We had a few criteria… 1) not too expensive (we ended up spending about $40). 2) not to hard or time consuming to make (It took us a couple hours). 3)it had to be at least 6′ tall to be in scale with the garden (it ended up being 10′tall).
Materials: We started by going to the hardware store and buying 9 plastic pipes (10′ long pvc schedule 40), some huge landscape nails, 9 solar lights, a metal floor flange with a 4″ extension, and 2 cans of spray paint formulated for painting plastic. We also used some plywood and a landscape nail we already had.
We laid out the pipe on a tarp on the driveway, across two pipes to keep them slightly elevated.
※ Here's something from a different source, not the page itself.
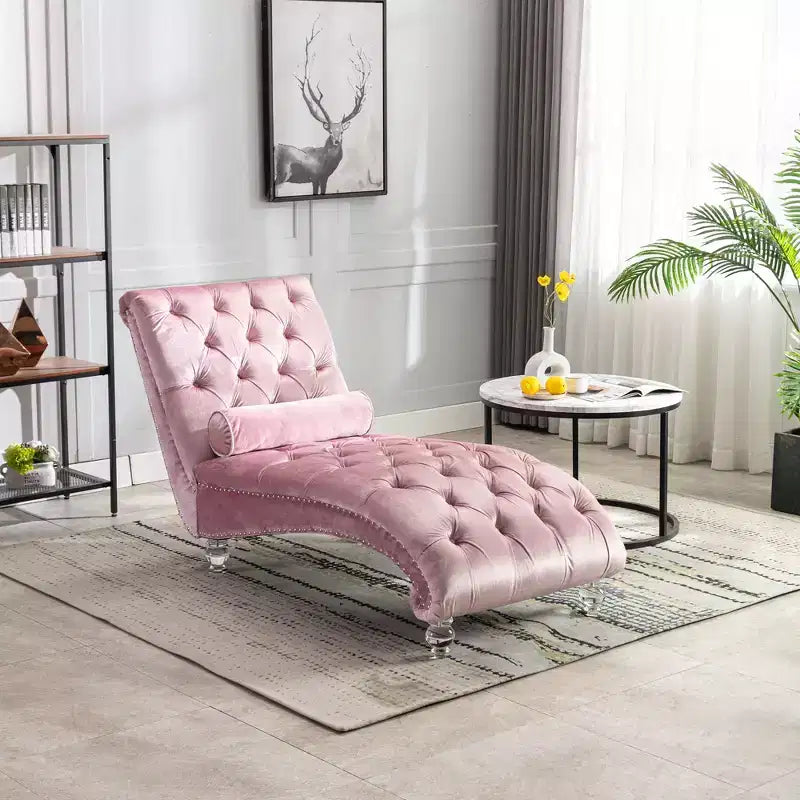 Chaise longue imbottita con bottoni e piedini trasparenti, comoda poltrona per camera da letto, soggiorno, ufficio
Next we sanded off the black bar codes and writing, then cleaned the pipes with a little soap and water.
We spray painted the pipes with two different color reds. They were pretty close in color, one was more orange than the other. I tried to do a fade from one to the other, but the paint colors are just so close you really can’t tell.
We put 3 pieces of plywood together for a thick base, painted it black, then attached the floor flange in the center over a 1/2″ hole we drilled.
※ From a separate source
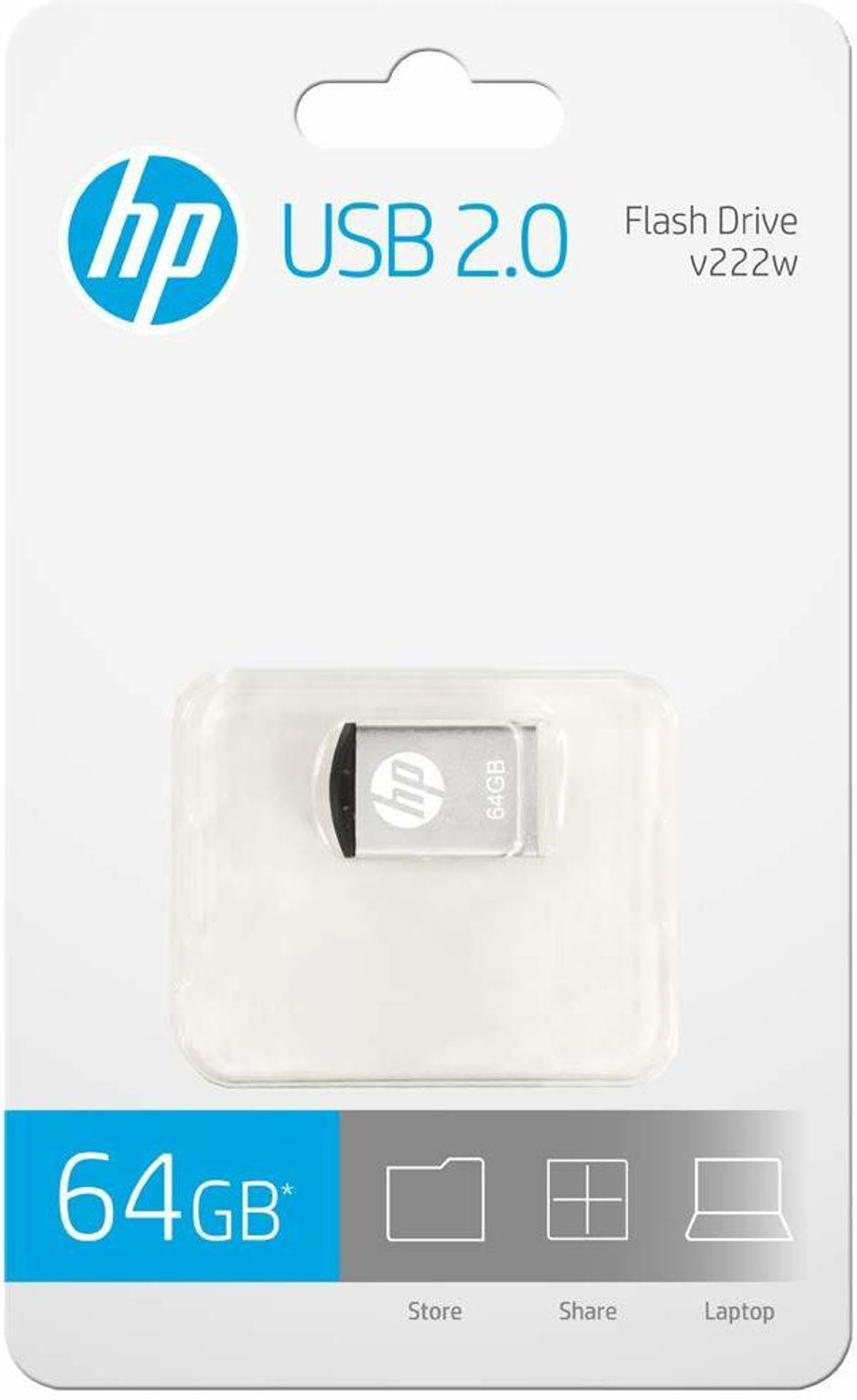 Image of HP USB 2.0 FLASH DRIVE 64GB v222w 64 GB Pen Drive Compatible with Audio Player, Desktop Computer, Laptop, Television USB 2.0 Metal Case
Then we arranged the 9 nails facing up, in a circle around that.
The idea is that the metal floor flange would sit down over the piece of rebar that was sticking out of the concrete foundation in the area I wanted the sculpture. You could also just have a long piece of rebar pounded far into the ground, it’s the same idea, but having it already in concrete was a bonus. The metal flange fit right over the rebar, and even though they are not technically attached, the rebar/flange combo keeps the sculpture from tilting.
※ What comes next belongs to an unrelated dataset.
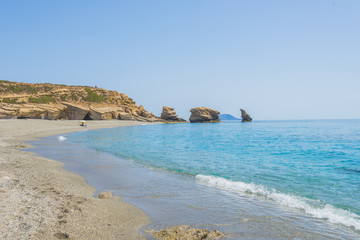 Triopetra beach, Crete. The beach of Triopetra (meaning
After we painted the pvc pipes, we gave them a quick second coat.
We put the plywood base into place by just setting it on the existing single piece of rebar coming out of the ground, and leveling the plywood base with rocks.
When the pvc pipes were dry, we put some 99 cent solar lights on the top of each pipe. The solar lights just needed a little duct tape around the base and they fit perfectly snugly within the pvc pipe (we did check the fit of the solar lights with the pipe at the hardware store to make sure we got ones that fit together with little problem or work.
Putting up the sculpture was then just a matter of literally setting the pipes over the ends of the nails.
The pipes bend naturally, and splay out. When the wind blows they wave a bit, and move. It is very organic looking.
I was very happy with the result, it is definitely eye catching, and I love the way it moves in the wind. The solar lights at night are a little bonus. I think we might go back at some point in the future and do another shorter ring around this one, maybe in yellow!